Over the past two and a half years I have detailed a lot of my feelings about Korea on this blog. I am, by nature, an overly sentimental person and so looking back on my posts from when I first arrived in Korea they read as such. Overly sentimental.
But the truth is that they were always my honest feelings. This space has always been a way for me to try to, by writing things down, immortalize them in my memory. Always done in a desperate attempt to hang on to the feelings I was having at the moment because I recognized them as something special, new, and important.
But the way I experience Korea now is very different.
I still have a lot of feelings about Korea but the ‘newness’ and ‘excitement’ have faded to give way to very profound contentment.
So that’s why I haven’t been posting as much. Not because I’ve fall off the earth, or I’m going through anything. Quite the opposite. I’m just super content.
Korea to me now is so much more than “5 types of classes you’ll have an EPIK teacher.” or “what to expect from your first 6 months in Korea.”
Korea is my home. Daejeon is my second hometown that I will ardently defend from anyone who dares to call it boring. It will forever be the place that I entered the workforce and started my adult life.

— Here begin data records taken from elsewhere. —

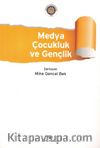 Medya Çocukluk ve Gençlik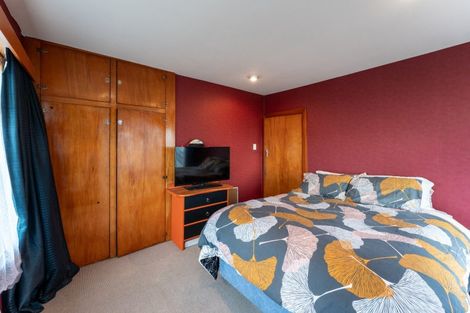 Photo of property in 17 Market Street, Watlington, Timaru, 7910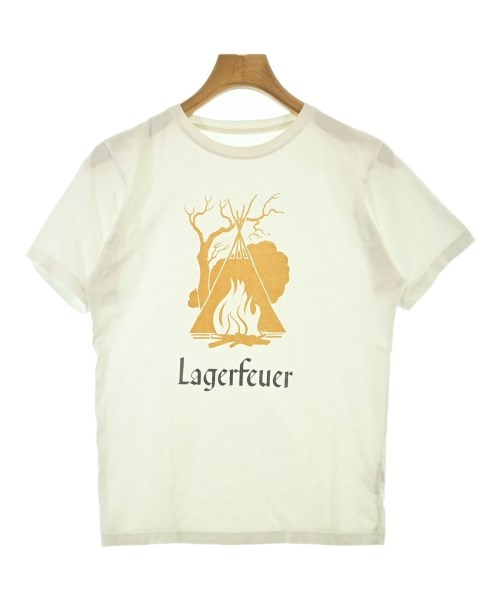 フランクリーダー(FRANK LEDER)のFRANK LEDER Tシャツ・カットソー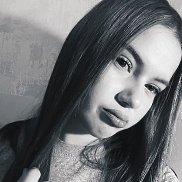 ������, 18 ���, ������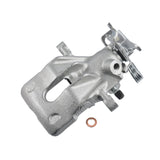 Brake Caliper - Honda by Febi 43012S1AE01-FEB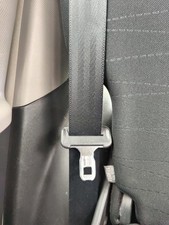 TOYOTA YARIS TR  2005-2010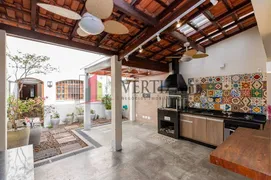 Casa com 2 Quartos à venda, 136m² no Campo Belo, São Paulo - Foto 1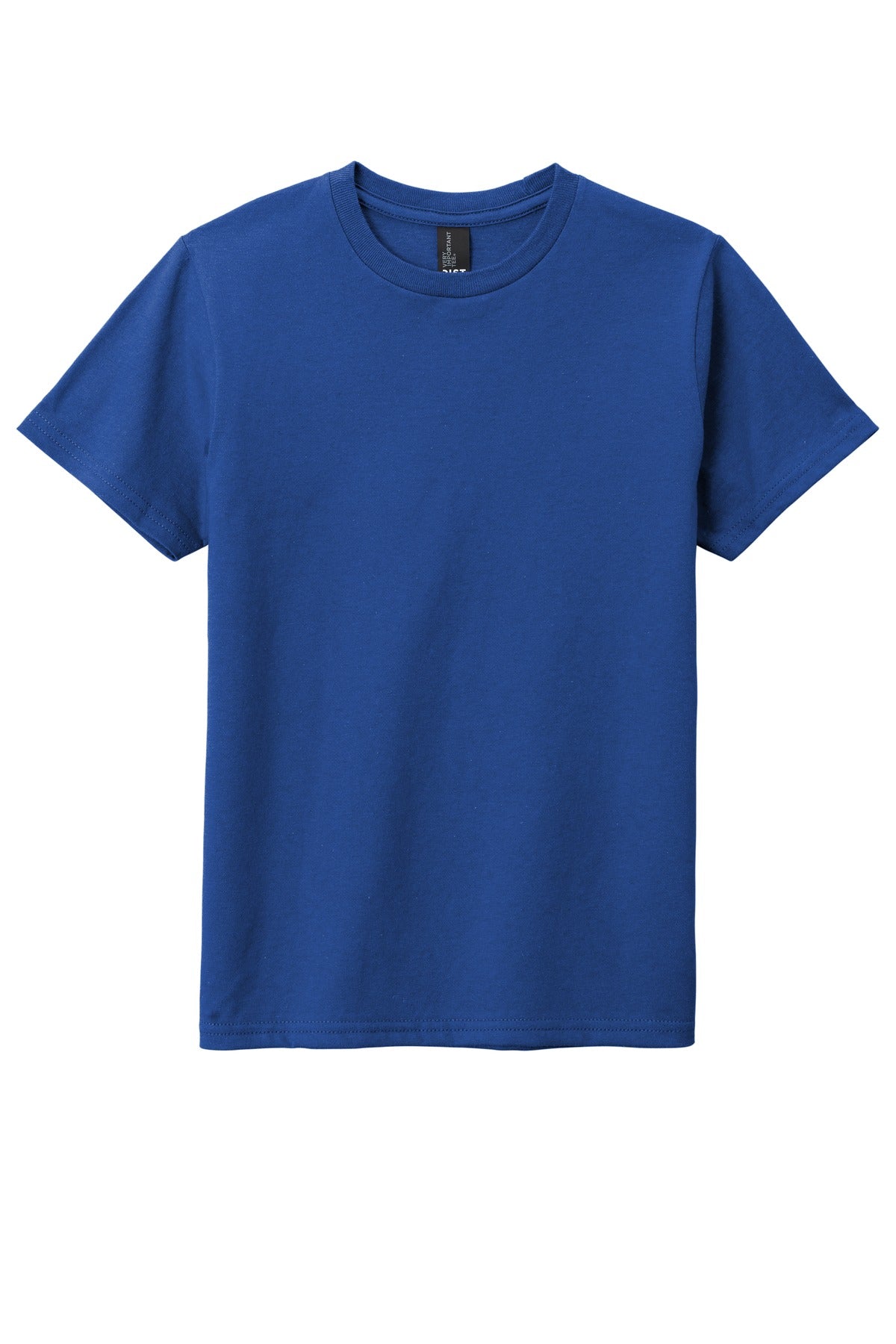 District Youth Boy's Very Important Tee Youth Apparel Shirts & Tops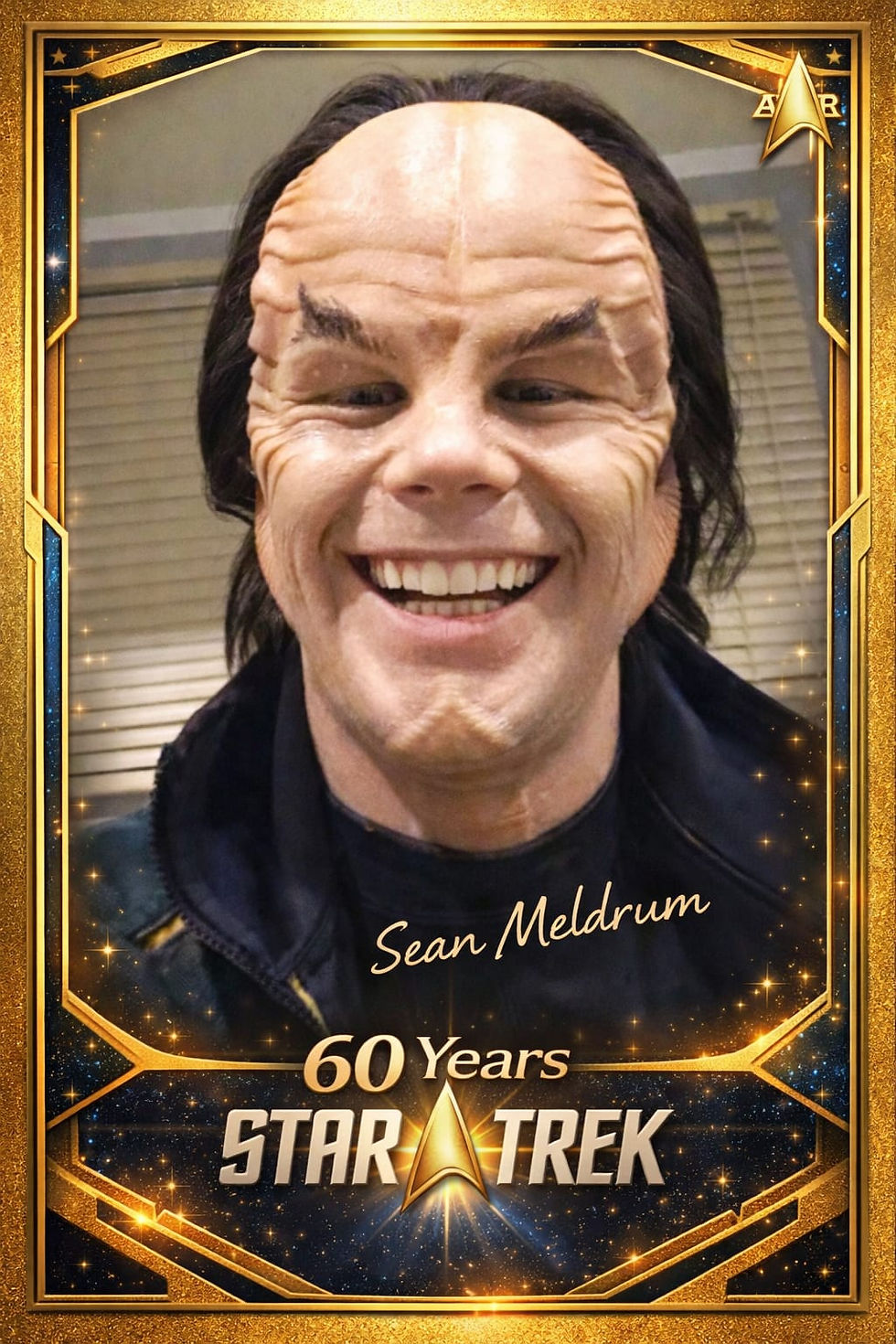 530c978a-d309-4167-9bc1-d324967737cf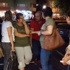Yalova'da tekne alabora oldu: 1 ölü, 2 yaralı Yalova'da tekne alabora oldu: 1 ölü, 2 yaralı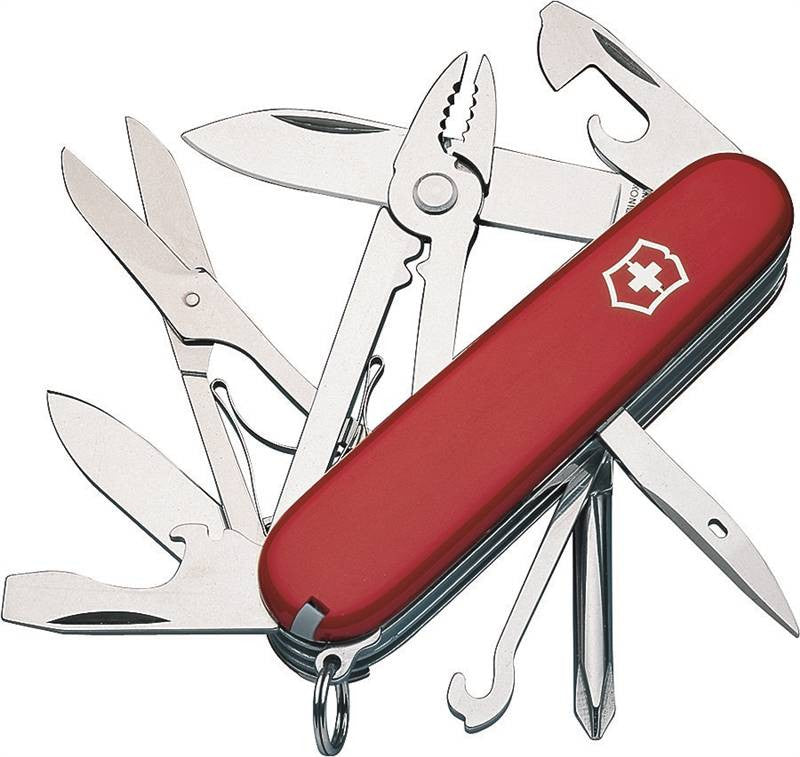 Knife Pockt 17-in-1 Tnkr 3-1-2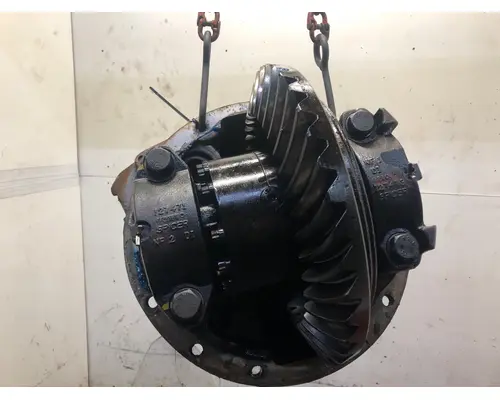 Eaton DSP40 Differential Assembly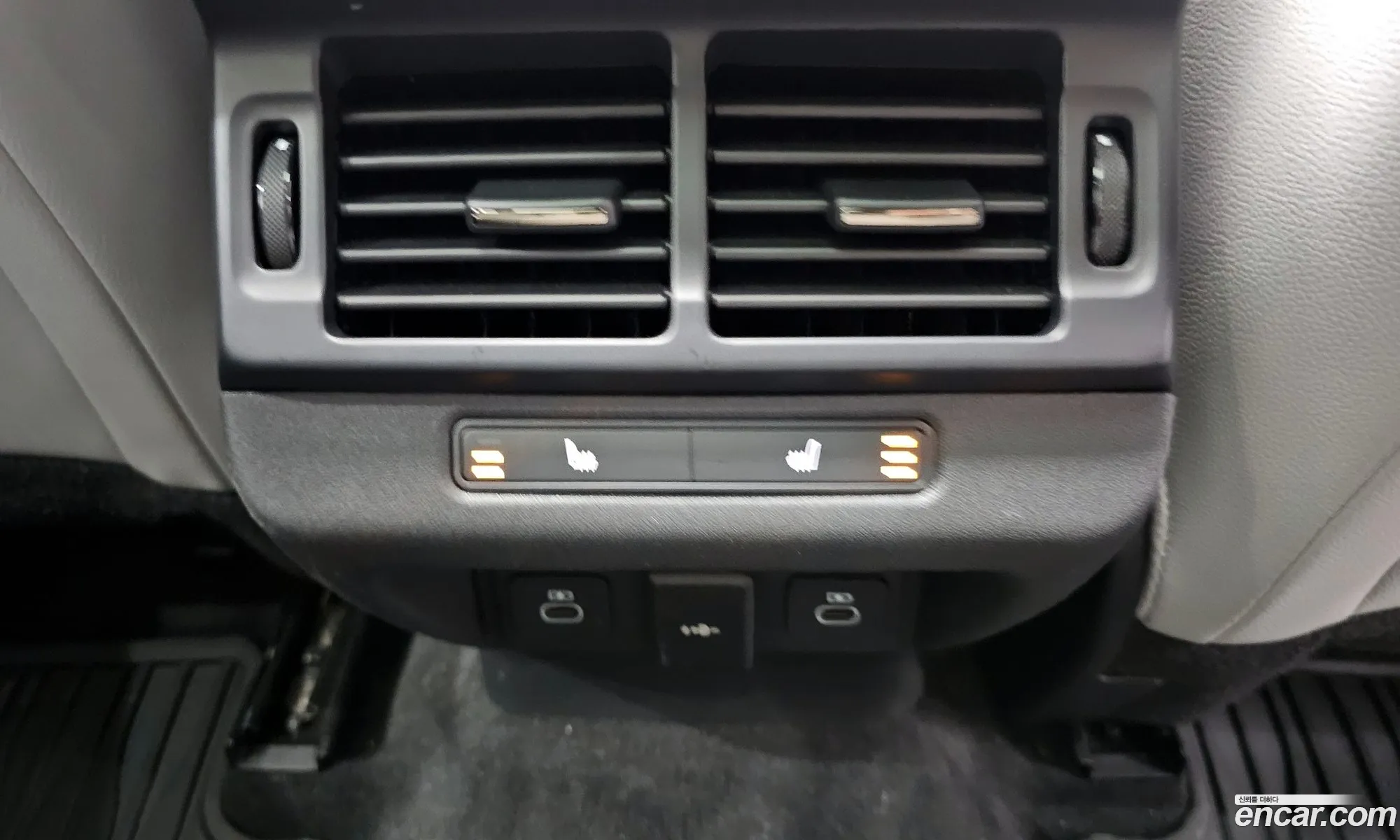 Land Rover Range Rover Evoque 2024 — 8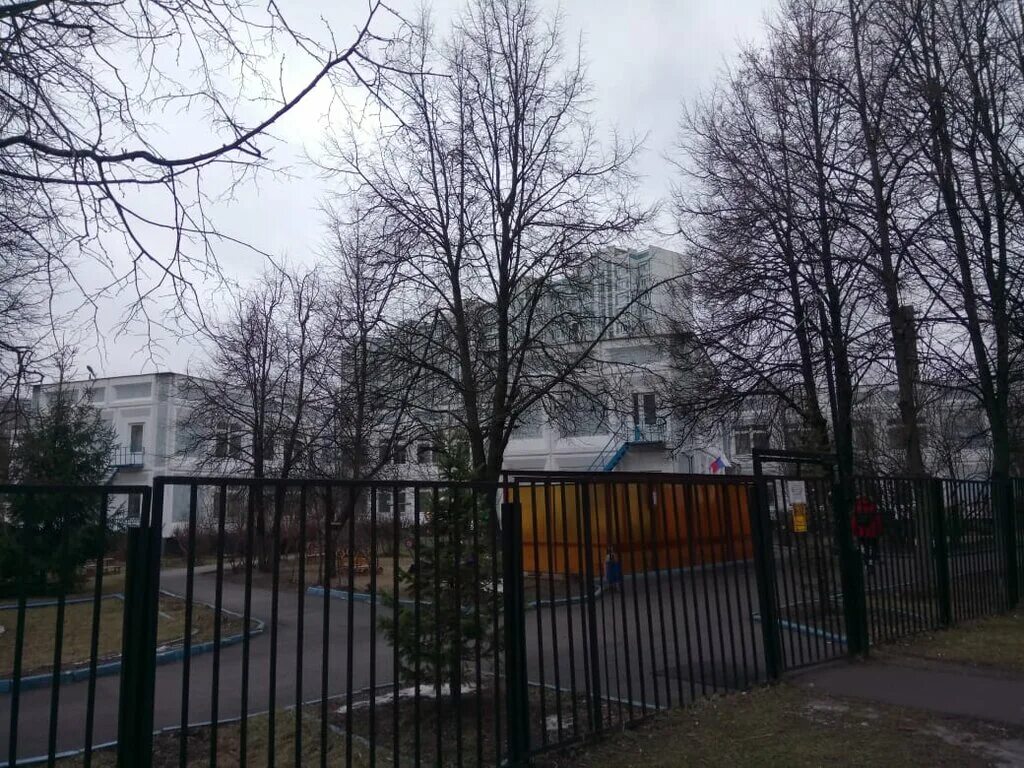 алексин музыкальная школа им. школа 236 москва. школа 236 щедрина. 236 школа клязьминская. школа 236 корпус 3.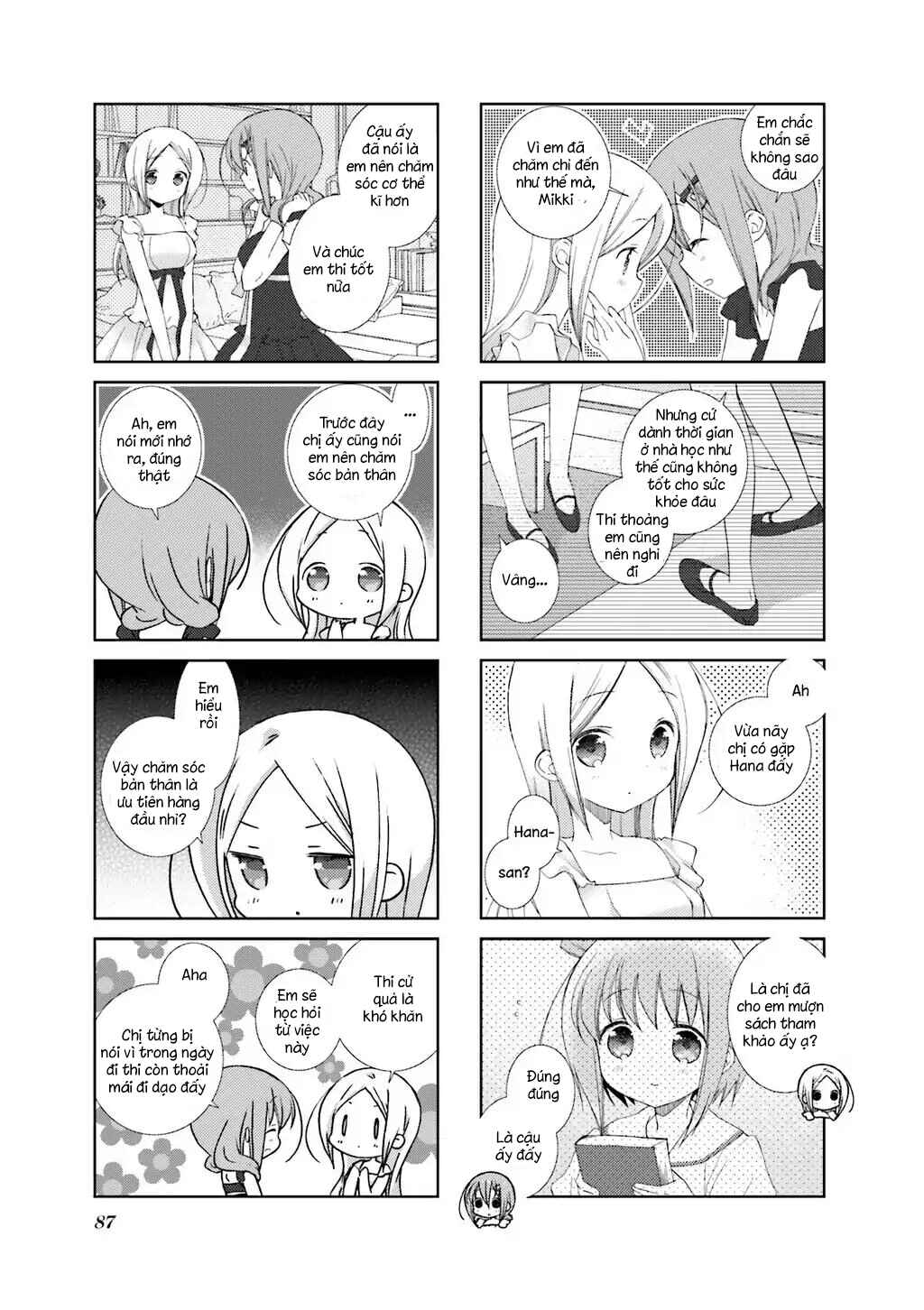Chapter 47 - Page 6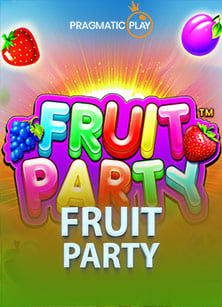 ufabet แจ้ง ถอน เล่นสนุก เงินง่าย แค่คลิกเดียว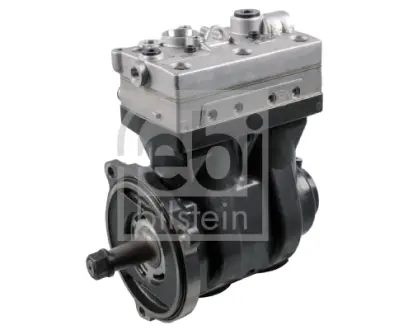 Компресор стисненого повітря FEBI BILSTEIN 176980
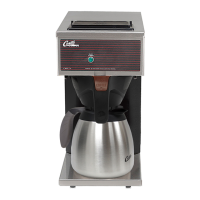 Preview: Curtis CAFE0AP10A000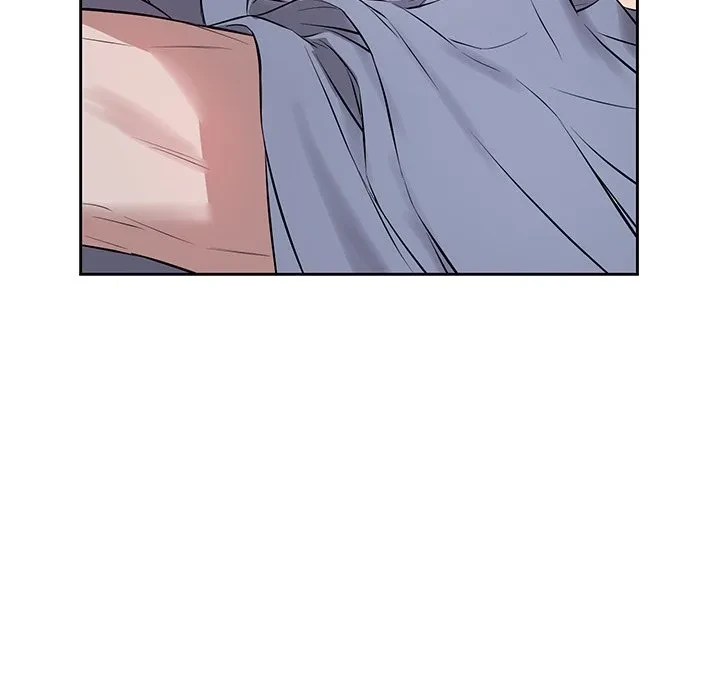 芳光さん、頑張って！ 第6話 - 51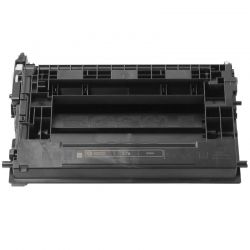 Cartuchos Toner HP 37A Negro Original 11000 Pag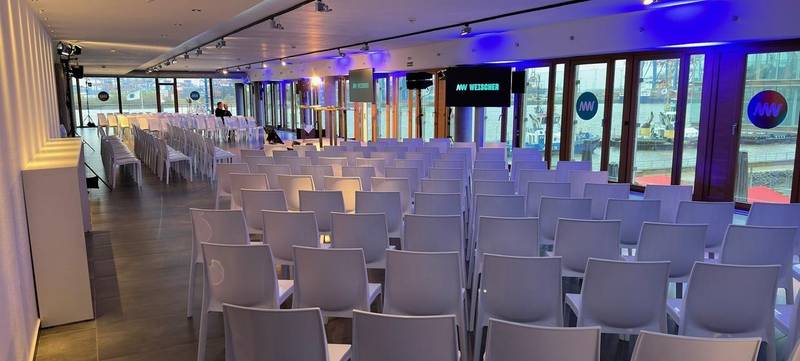Foto 2 von Tagungs-Special Frühjahr 2026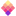 SweetCode Logo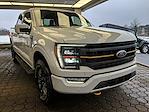 2023 Ford F-150 SuperCrew Cab 4WD Pickup for sale #S5F4730A - photo 3
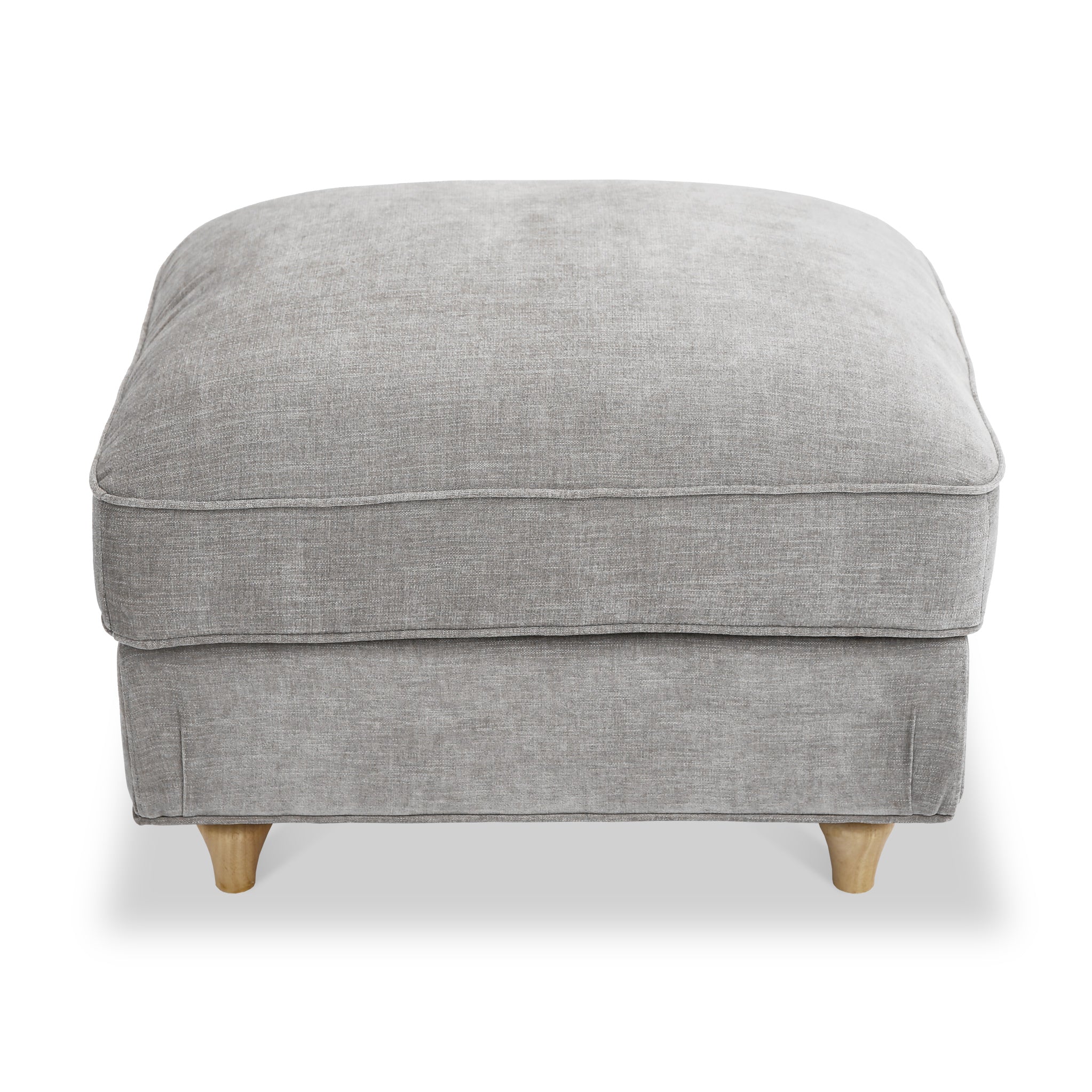 Alfie and Arthur Universal Footstool - Image 73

It’s my people here, not a single one of whom probably can grasp the true depth of what their friendship has meant to me. It’s the help they did not have to give me, but offered without a second thought. It’s the conversations in which we have both learned something new.
Korea is the thing in my life that I am the most proud of, that I could make a home and a life here 7,000 miles away from everyone I’ve ever known. In a culture and a language that isn’t mine. It’s my Korean, incredibly broken though it may be, spoken in an an attempt to understand the people I meet here with their words, not mine.
Korea is my desk in the 3rd grade office where my kids come to tell me little stories that I cherish in deepest parts of my heart. It’s the silly boys showing off their new dance moves, it’s my buddy girls sitting on the floor next to my desk worrying about their music test next period, and a precious face I’ve watched grow up over the last three years trying not to cry telling me that she lost her essay for English class.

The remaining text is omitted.